In support of Chou's motion, he submits his own examination before trial (hereinafter "EBT") transcripts dated May 26, 2006 and January 30, 2007, the EBT transcript of Sheila O'Heney who was the president of Owner's Corp. at the time of the alleged incident and the EBT transcript of plaintiff's president. All of the transcripts with the exception of Chou's May 26, 2006 EBT are unsigned. Moreover, Chou fails to state in his moving papers that said transcripts were ever forwarded to the deposed witnesses for their review and that said witnesses failed to sign and return the transcripts within sixty days. See CPLR §3116(a). Chou argues that unsigned and unsworn EBT transcripts may be used by an opposing party as an admission in support of a summary judgment motion and, therefore, all of the EBT transcripts are admissible. Assuming arguendo that Chou is correct, only plaintiff's EBT could be used because plaintiff is the only opposing party. Moreover, Chou attempts to cure said defect in its moving papers by submitting new evidence in its reply papers, which the court cannot consider. See Jackson-Cutler v. Long, 2 AD3d at 590; Osborne v. Zornberg, 16 AD3d at 643. Therefore, the Court can only consider [*3]Chou's May 26, 2006 EBT transcript.

In Chou's sworn EBT, he states that the toddler used the bathroom because "he had to go to the bathroom." When asked if the toddler used the bathroom for any other purpose on the day in question he stated "not to my knowledge." Chou's deposition does not establish that the toddler ever turned on the water in the bathtub or that the child's father accompanied the toddler to the bathroom. It is devoid of any facts to support the granting of summary judgment in his favor.

In support of Owner's Corp.'s motion, it submits the same unsigned depositions as those submitted by Chou along with several unsigned and unsworn affidavits, all of which are in inadmissible form and cannot be considered. See Pina Flik International Corp., 25 AD3d at 773; Santos v. Intown Associates, 17 AD3d at 565; Abrahamsen v. Brockway Glass Co., Inc., 156 AD2d 615 (2d Dept 1989); Jacobs v. Schleicher124 AD2d 785 (2d Dept 1986). Owner's Corp also submits a document entitled "Declaration of Condominium". However, Owner's Corp. fails to lay a proper foundation for the admissibility of said document. See CPLR §4518(a); Education Resources Institute, Inc. v. Piazza17 AD3d 513, 515 (2d Dept 2005); Contreras v. Klein, 17 AD3d 395, 396 (2d Dept 2005); Daliendo v. Johnson, 147 AD2d 312 (2d Dept 1989).
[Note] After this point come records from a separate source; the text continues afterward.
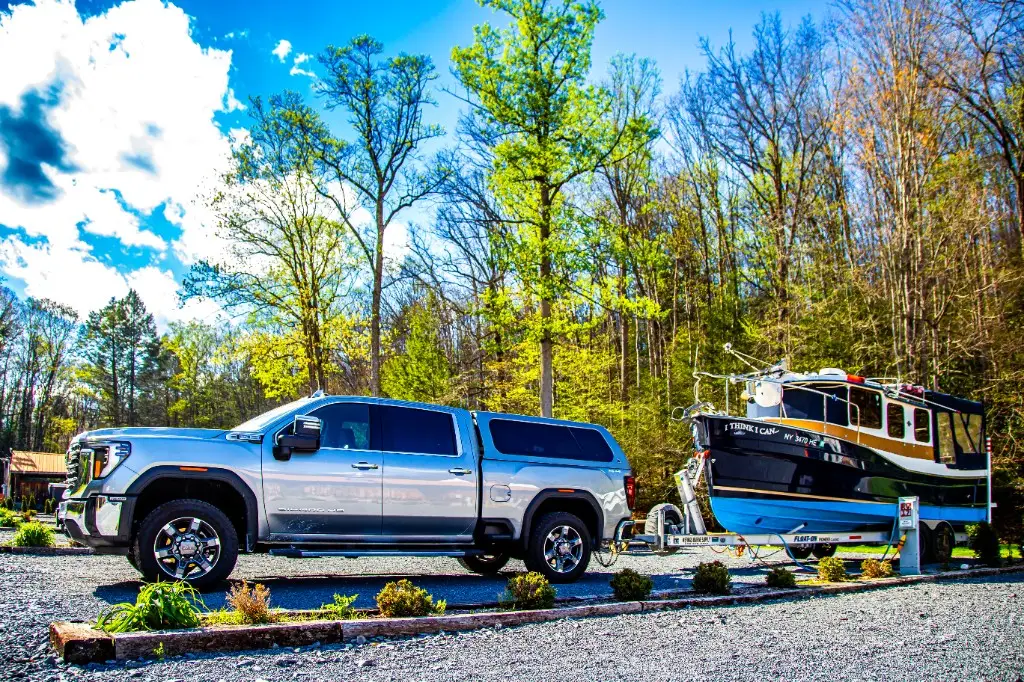 Truck and boat trailer at a full hookup RV site – Full Hookup RV Site at The Outpost NRG
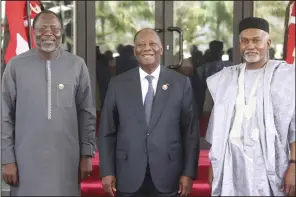  ?? (AP/Gbemiga Olamikan) ?? Omar Touray, president of the ECOWAS Commission (from left), Ivory Coast President Alassane Ouattara and Nigeria Minister of Foreign Affairs Yusuf Tuggar stand together on Saturday before the ECOWAS meeting in Abuja, Nigeria.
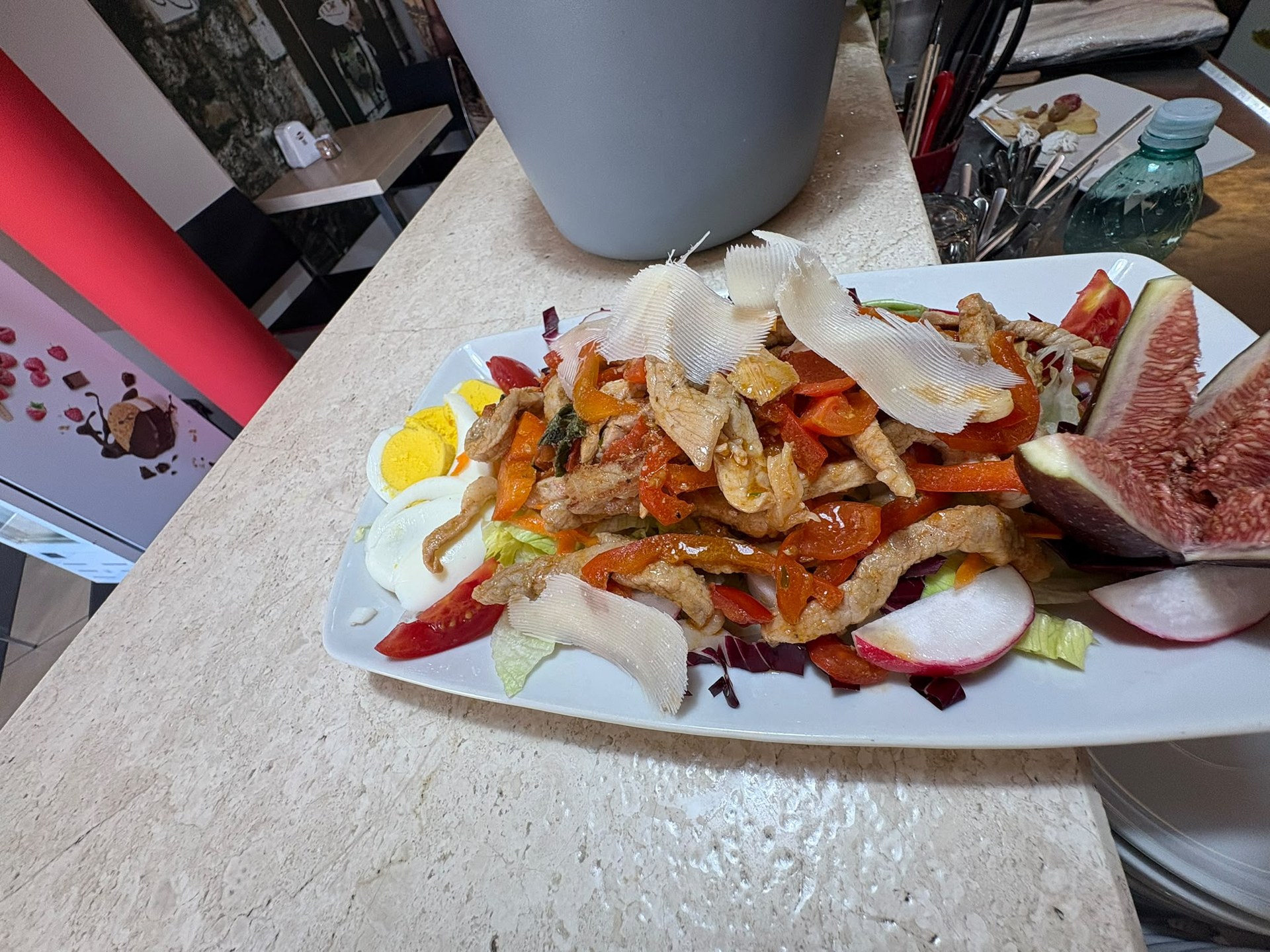 Insalata Dolce Aroma con straccetti, peperoni, scaglie di formaggio, uovo sodo, ravanelli e fichi su piatto bianco
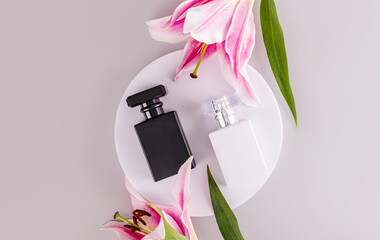 Two luxurious matte perfume bottles or sprays on a white round podium. lily. black and white...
The only admissible evidence submitted in support of Owner's Corp.'s motion is Chou's May 26, 2006 deposition which is devoid of any facts to support the granting of summary judgment in its favor.

In view of the foregoing, both defendants have failed to submit evidence in admissible form to establish their prima facie entitlement to judgment as a matter of law. Consequently, defendants' motions for summary judgment are denied.

The foregoing shall constitute the Decision and Order of the Court.